There are a lot of new services on the market to help you manage your child’s online activity, but they all require your time and attention to be useful.  Simply throwing money at this problem may make you feel better for a few moments, but unless you follow through with the “hard” work of actively curating the systems as your child grows and their horizons expand, you’ll actually be training your child to circumvent your wishes.

Sketch out an “Online Growth” plan for each child.  

Start with the things you now allow them to do, and then think about the age where you would be comfortable letting them have more freedom or discretion to direct their own activity.  

Younger children are perfectly fine with games and educational programs that are delivered inside curated “walled gardens” like Famigo or Zoodles. You can use the apps along with your child or get them started and then let them play without worrying.

 As they get older, children will want to self-direct and you can then switch over to “training wheels” type services that set up boundaries that will keep your child within areas that you deem safe, but will allow them the freedom to explore on their own.  Some good examples of these services include Qustodio, Norton Family, and SafeEyes

Teach your kids about online safety and etiquette.

Even if you could do it (you probably can’t), simply preventing children from accessing the online world will not work.  It is everywhere, in friend’s homes and smartphones, at school, and of course in your own home.  

The best way to prepare your child for a world online is to make sure they understand what privacy is, why it is important.
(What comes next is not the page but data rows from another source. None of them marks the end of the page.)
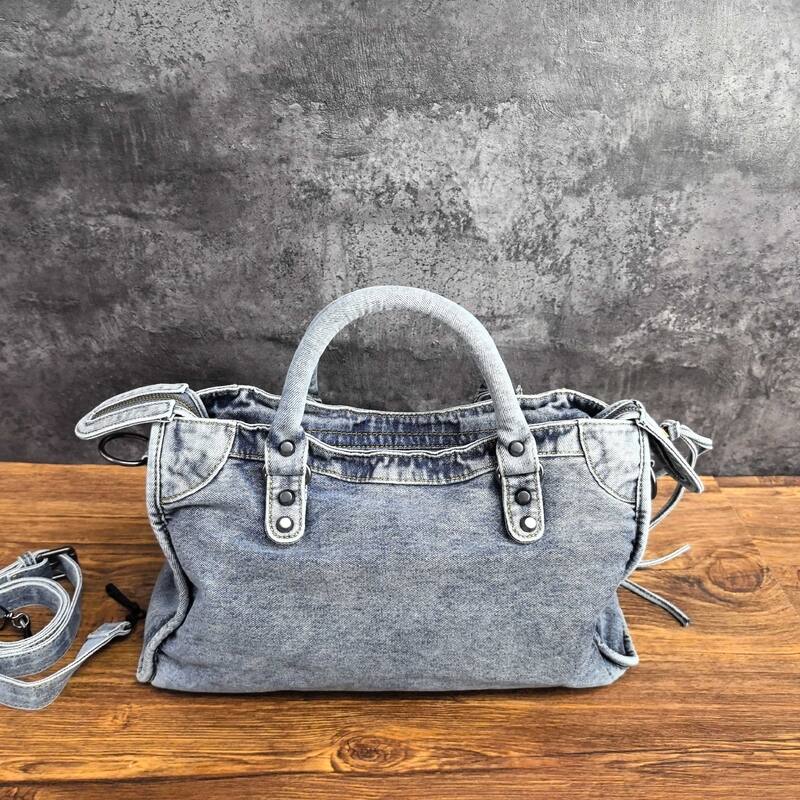 Balenciaga City Blue 38x28x15cm shoulder bag — Premium Replica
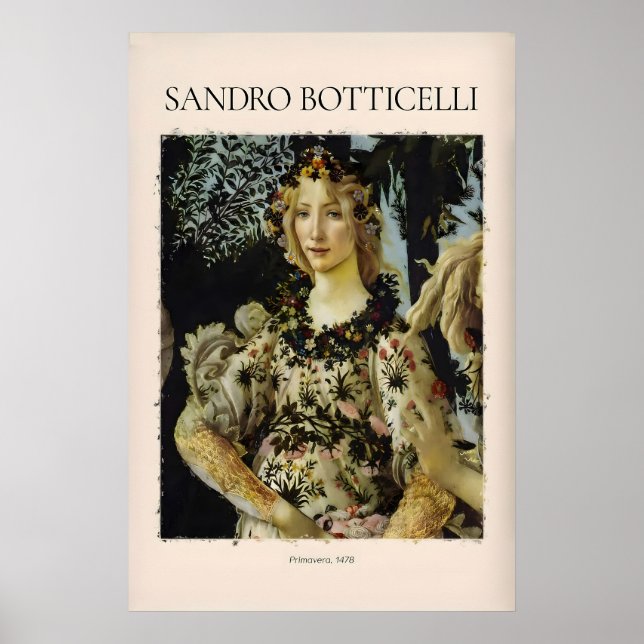 Impression d'art Botticelli Primavera Détail Flore (Devant)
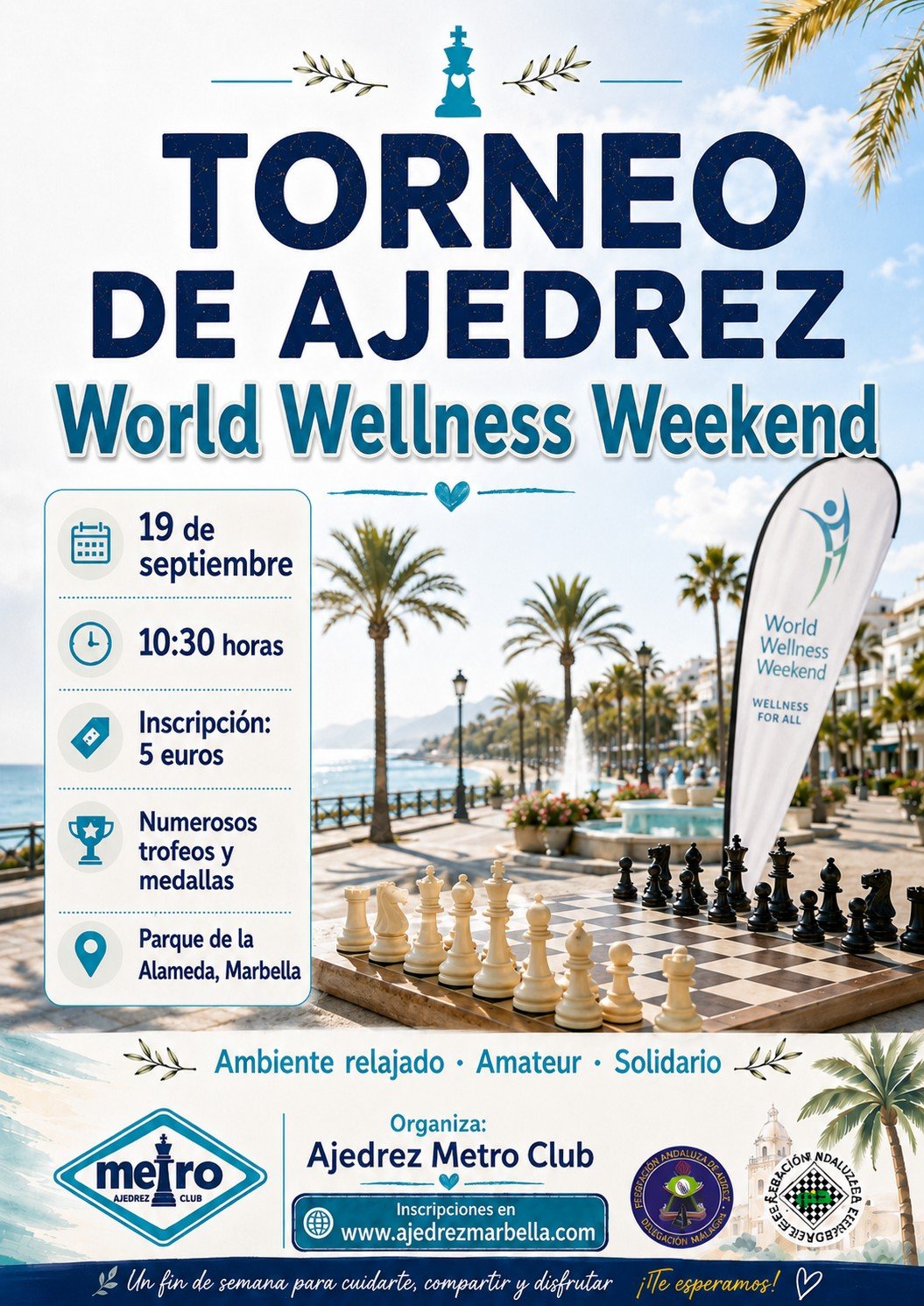 Torneo de Ajedrez World Wellness Weekend 2026 en Marbella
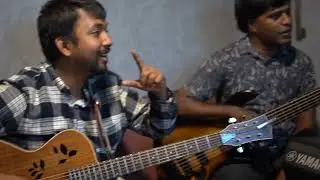 Harmonious Prelude: Guitar and Keyboard Duo Rehearsal for Workshop Ahead | Akhil & Ronal live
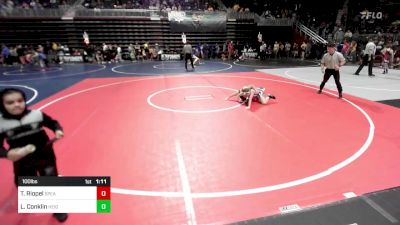 100 lbs Semifinal - Tate Riopel, Spearfish Youth Wrestling vs Liam Conklin, Heights WC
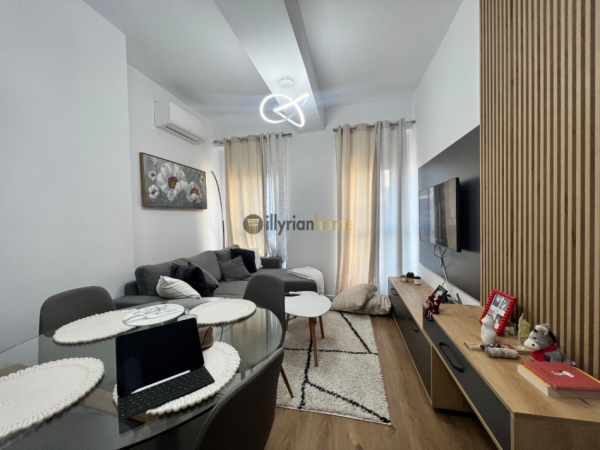 Tirane, jepet me qera apartament 1+1 Kati 5, 56 m² 450 € (Ali Demi)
Manners and etiquette count too – being kind to others online, what bullying is, and how to deal with it.  There are some wonderful resources for helping kids understand the risks and benefits of online at StaySafeOnline, Common Sense Media, and Kids Online Privacy Camp

We’ve covered games and apps, etiquette, bullying and privacy.  What about social networks?

Facebook estimates that it has 7 million accounts that are being operated by children under 13. Of course their legal terms of service specifically say this is not allowed, but there is not really any way this policy could be enforced.  

If your family wants to use social networking to keep in touch with distant relatives or grandparents, specific social networks that are created for this purpose may be safer than just using Facebook.  Because Facebook explicitly disclaims children using its service, there are virtually no features that would allow you to curate your child’s participation. 

Examples of family-friendly social networks include FamilyWall and JustFamily. Both give you a lot of control over who can see your posts and feature mobile apps which make sharing much easier.  Unfortunately these non-Facebook services mean your family will have to create accounts to be able to participate.  

How can all this great stuff be free?

In general, if the service is offered to you “free”, you can expect to be offered upgraded service or advertising as the service tries to generate revenues. Paid services such as Famigo are much more upfront about their intentions and after paying their annual fee, you should expect not to see ads or excessive marketing. 

Technology moves fast, so be prepared to revisit your plan and make changes if some new online game or website offers enough benefit to allow your child to use it before you planned. Our children are growing up with these technologies and are able to absorb and use them much more quickly than we are.